アリオンとファオンは天蓋付きベットで寝息を立てている。
突然扉が激しい音を立てて開き、ロレンツが目を擦ってそっちを見る。
エイモスだった。
が、背後に…。
ファーレーンだけで無く、なんと…キースとレオが付いて来ている。
キリアンも頭を揺らし、顔を上げる。
「兄貴…」
そして背後のキースとレオを見て、目を見開く。
シーリーンだけが…。
「…キース…それに…レオ」
と呟いた。
全員さっさと部屋に入り、暖炉の前のソファに駆け込み、暖を取る。
「…寒かった?」
キリアンが横に座るファーレーンに尋ねると、ファーレーンは無言で頷いた。
キースは「よっ!」と言って、シーリーンの前を通り、ファーレーンとシーリーンの間に座る。
レオは一番外側に座り、シーリーンを見つめ
「シーリーン」
と呟いた。
長を降りたレオはそれでもやっぱり迫力は健在。
キースは重責から解放された為か、ファーレーンと一緒の為か…。
やはり王者のような豪奢な豪快さを見せながらも、垂らしの雰囲気、全開に見えた。
ロレンツが背後を見ると、エイモスはまだドアノブ掴んだまま、戸口で項垂れている。
そして顔を上げ、だだっ子のように怒鳴った。
「二人っきりじゃ、無かったぞ!」
キースがジロリ…とエイモスに振り向く。
「あんたの魂胆、ミエミエなんだよ!」
ファーレーンが横で恋人気取りのキースを、ジロリ、と見る。
「…お前に付いて来て欲しいと、私は頼んでないぞ」
シーリーンがそれを聞いて、横のレオを見る。
「…ファーレーンに指名されて俺がどんだけ焦ったか、分かるか?」
「…ファーレーンはあんたに同行を頼んだのか?」
レオは頷く。
「俺とキースは冬の見回りの順番が来て、ファーレーンから見回りする場所の配置を貰いに行ってた、矢先にお前らが逃げた。
と聞かされ、そのままファーレーンと一緒に、《勇敢なる者》管理塔に足止めされてたんだ」
ロレンツがエイモスを見る。
「管理塔に行ったのか?最初」
エイモスは少し復活すると、ロレンツの横に腰掛ける。
「ジェンスが。
東領地行くより近いし、ファーレーンの所在を確かめろ。
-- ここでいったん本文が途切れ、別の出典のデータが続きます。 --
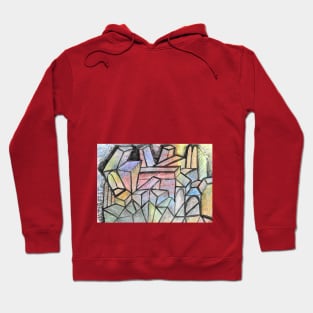 Shapes in space - 1 Hoodie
とか言って。
あいつはそのまま、受付のロリンダ嬢が勤務時間終了と共に消えた。
確信犯だ」
ファーレーンが憮然。と言う。
「女性を24時間交代で受け付けさせるのは、どうかと思うな」
レオが呟く。
「管理塔はかつて《勇敢なる者》だった者が大勢出入りするから。
ずっと男の《皆を繋ぐ者》と過ごしてきた《勇敢なる者》が、少しでも女性と接触する機会をって、わざと器量良しで名家の令嬢を、厳選して配置してる。
…そう聞いたぞ?」
シーリーンがレオを見る。
「…恋愛対象として?」
レオは無言で頷く。
キースも振り向く。
「日によっちゃ、六人くらいの時あるぜ。
女性側から「受付したい」
と言われても断らないからだそうだ」
「…………………………………」
「…だから女性の方も、狙ったかつての《勇敢なる者》がいると積極的だ」
レオの言葉に、キースが気の毒そうに俯く。
「…レオは三人の、もの凄くけたたましいオンナに狙われて、管理塔に行く度口説かれ続けてる」
レオも頷きながら呟く。
「…逆効果だ。
シュティッセンの方が、どれだけいいかを思い知らされる」
「…………………………………………………………………」
その場はレオの傷ましさへの、労りの沈黙に包まれた。
「…で?ファオンとアリオンも一緒だと聞いたぞ?」
キースに尋ねられシーリーンがベットの方に振り向くと、カーテンを開けて、ファオンとアリオンが出て来る。
アリオンはファオンと過ごした為か、びっくりする程男っぽく見えた。
ファオンは可愛らしくはにかむと、長兄ファーレーンを見る。
「兄様…」
ファーレーンはかつて弟の寝室で裸のアリオンを見た記憶が彷彿としたのか、横のアリオンを睨む。
「貴様…!」
シーリーンが直ぐ言う。
「今回は、俺も一緒だ」
ファーレーンが直ぐ、シーリーンを睨み付ける。
が、キリアンが言った。
「違うだろう?!
俺らが散々委員会に、ファオンをせめてセグナ・アグナータに。
と言っても聞かない奴らが悪いんだ!
実際ファオンがセグナ・アグナータで実績積めば、《勇敢なる者》にだって成れたはずだ!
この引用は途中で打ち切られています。